Berbeda dari dua buku di atas, kumpulan cerpen ini mengisahkan cerita tentang orang-orang yang haus pengakuan, baik dari sisi agama maupun sosial. Dari sisi agama, cerita Ajo Sidi dalam Robohnya Surau Kami seolah membutuhkan pengakuan bahwa dirinya menahbiskan diri untuk mengabdi kepada Tuhan dengan aktif beribadah di surau, tetapi di sisi lain, ia sendiri melupakan keluarganya. Menariknya, cerpen tersebut menampilkan dialog imajiner di alam akhirat.


Ada pula yang haus pengakuan di ranah sosial seperti yang ditunjukkan dalam cerpen Anak Kebanggaan. Anak yang dibangga-banggakan itu tidak pula mengabarkan berita kelulusannya sebagai dokter. Bahkan surat-surat yang dikirimi ayahnya kembali ke pengirimnya, tak sampai ke putranya itu.

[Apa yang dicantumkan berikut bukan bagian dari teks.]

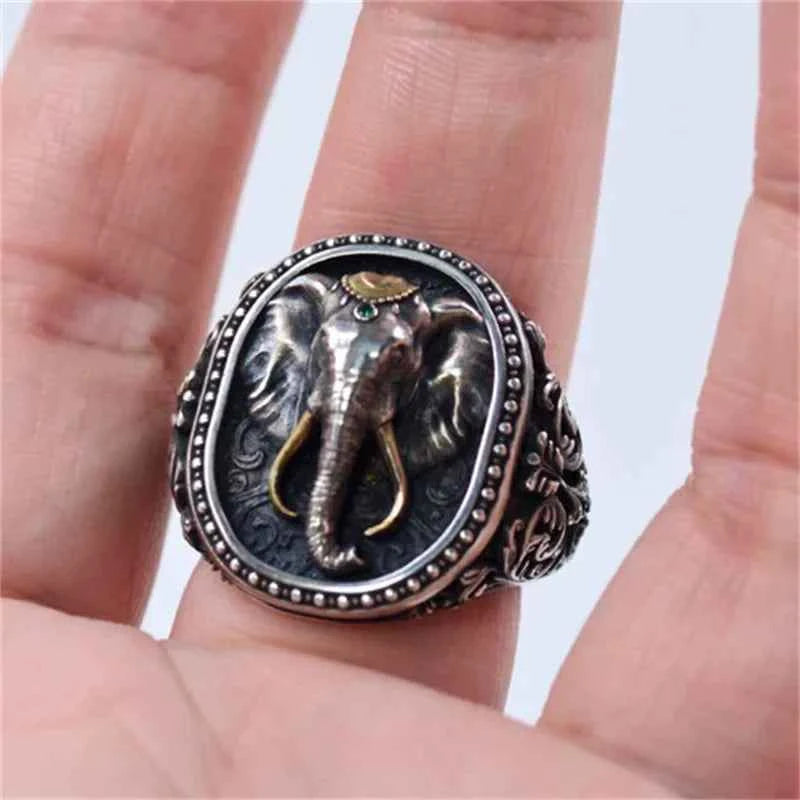 Vintage Thai Silver Elephant Cuff Ring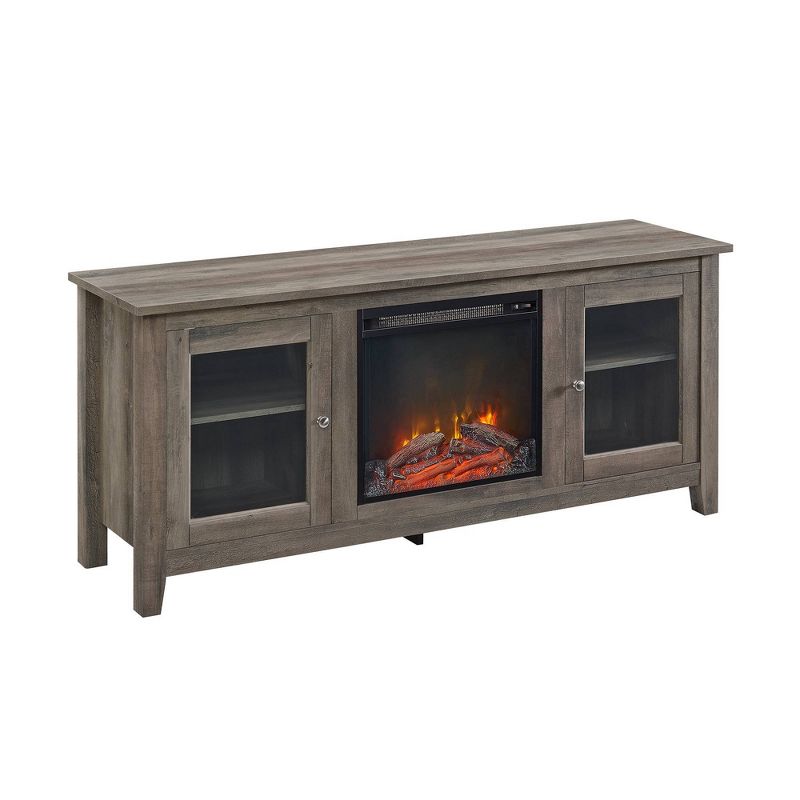 Transitional Glass Door Fireplace TV Stand for TVs up to 65" - Saracina Home, 1 of 14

Kisah-kisah cerpen tersebut menarik benang merah mengenai perlunya manusia hidup dengan manusia lainnya. Membaca cerpen-cerpen tersebut akan menumbuhkan jiwa dan semangat hidup kita sebagai makhluk sosial yang perlu untuk berinteraksi dengan manusia lainnya, tidak sibuk hanya memikirkan dunianya sendiri.

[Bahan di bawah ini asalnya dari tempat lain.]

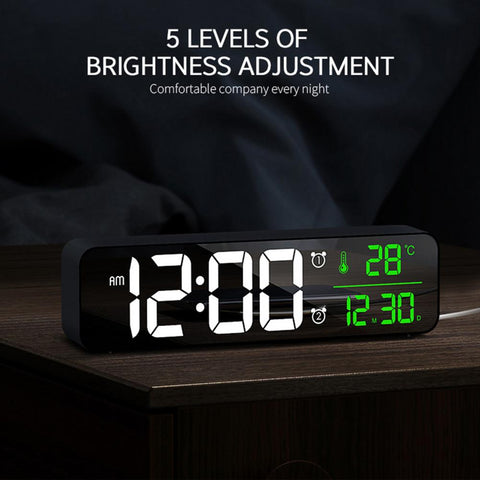 LED Charging Smart Mirror Electronic Alarm Clock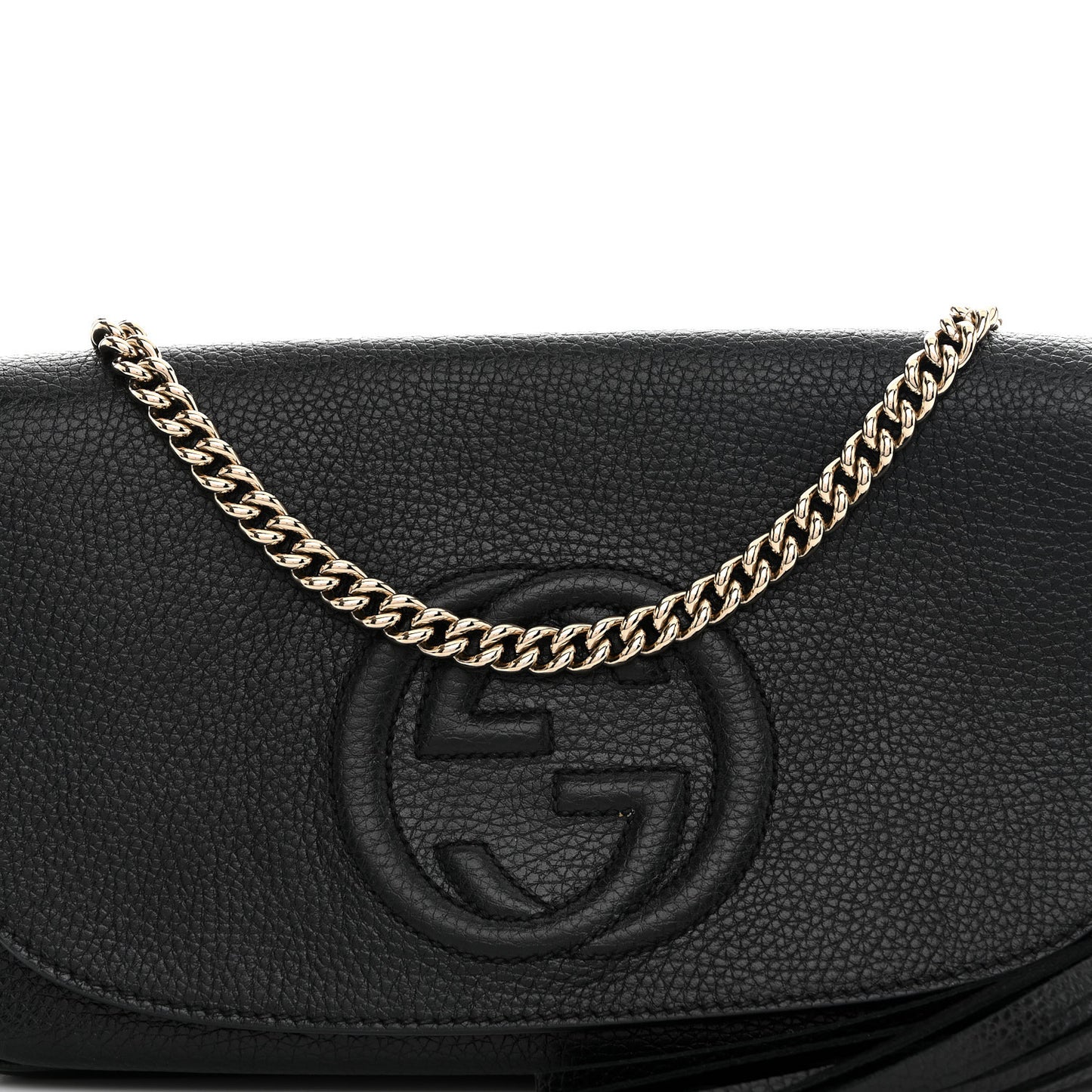 Pebbled Calfskin Medium Soho Flap Crossbody Black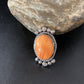 Native American Orange Spiny Oyster Navajo Ring | Sterling Silver | Sz 9 | 13281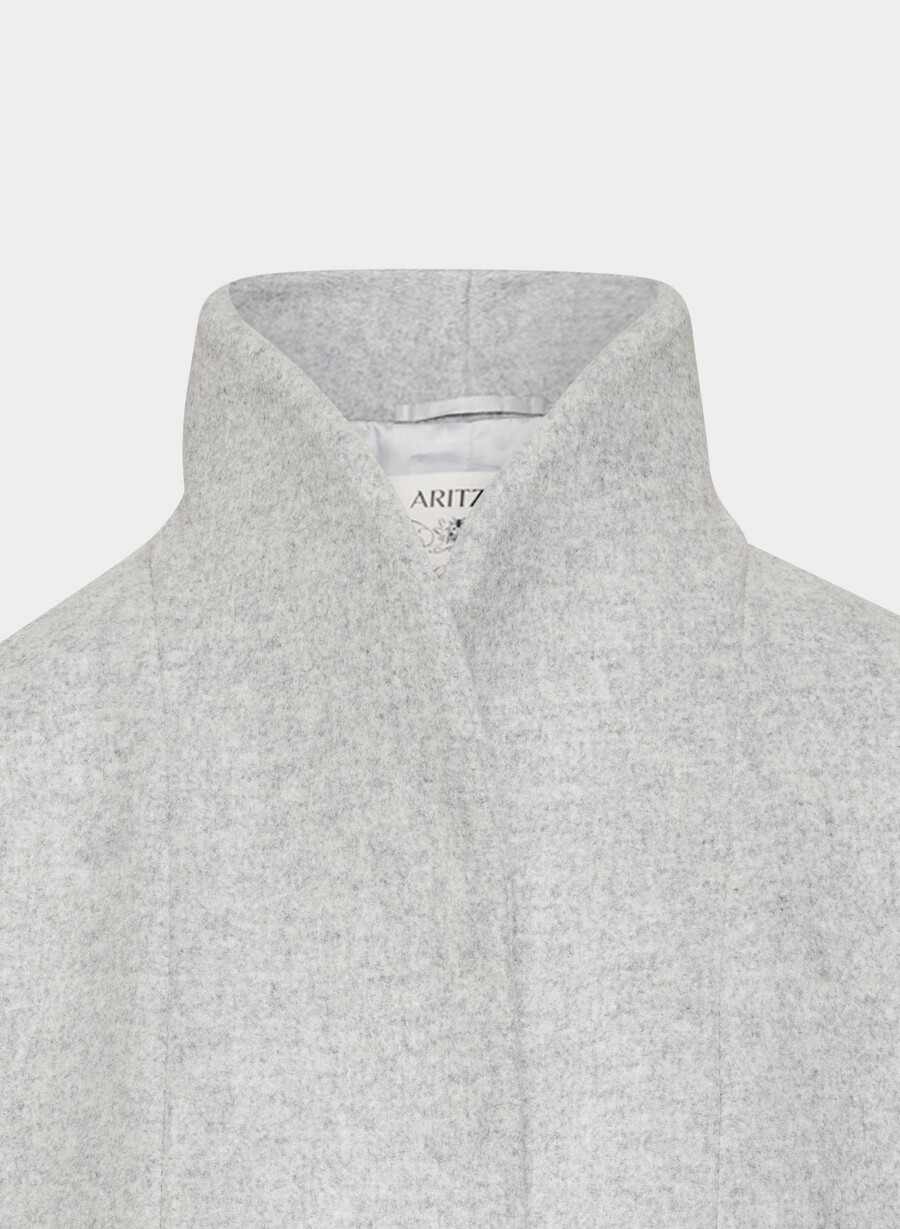 palton lung the cocoon - luxe wool cashmere heather grey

Buku ini memuat 10 cerpen karya Ali Akbar Navis, seorang sastrawan kenamaan asal Sumatra Barat. Kumpulan cerpennya ini terbit pertama kali pada tahun 1986.


4. Panggilan Rasul

Buku ini merupakan karya Hamsad Rangkuti. Berbeda dengan kumpulan cerpen lainnya, buku Hamsad yang ini banyak berkisah mengenai cerita-cerita yang berkaitan dengan peristiwa agama, seperti lebaran, khitan, mengaji, hingga lailatul qadar.


Berkaitan dengan lebaran, ada empat cerpen, yaitu Salam Lebaran, Malam Takbir, Hujan dan Gema Takbir, dan Reuni. Tentang malam lailatul qadar, ada dua cerpen, yakni Lailatul Qadar dan Malam Seribu Bulan. Ada juga yang berkisah tentang pengajian, yaitu Ayahku Seorang Guru Mengaji. Sementara yang bercerita tentang khitan adalah Panggilan Rasul.


Cerpen-cerpen tersebut mengisahkan berbagai ironi yang muncul di tengah masyarakat di waktu-waktu yang harusnya penuh sambutan gegap gempita. Hal demikian memberikan pembelajaran yang berarti bagi pembaca, khususnya dalam bersyukur dan bersabar.


Buku-buku kumpulan cerpen itu, kecuali Robohnya Surau Kami, bisa dibaca melalui aplikasi iPusnas, yaitu aplikasi digital milik Perpustakaan Nasional. Melalui aplikasi itu, kita bisa membaca berbagai macam buku yang tersedia secara digital dan gratis akses.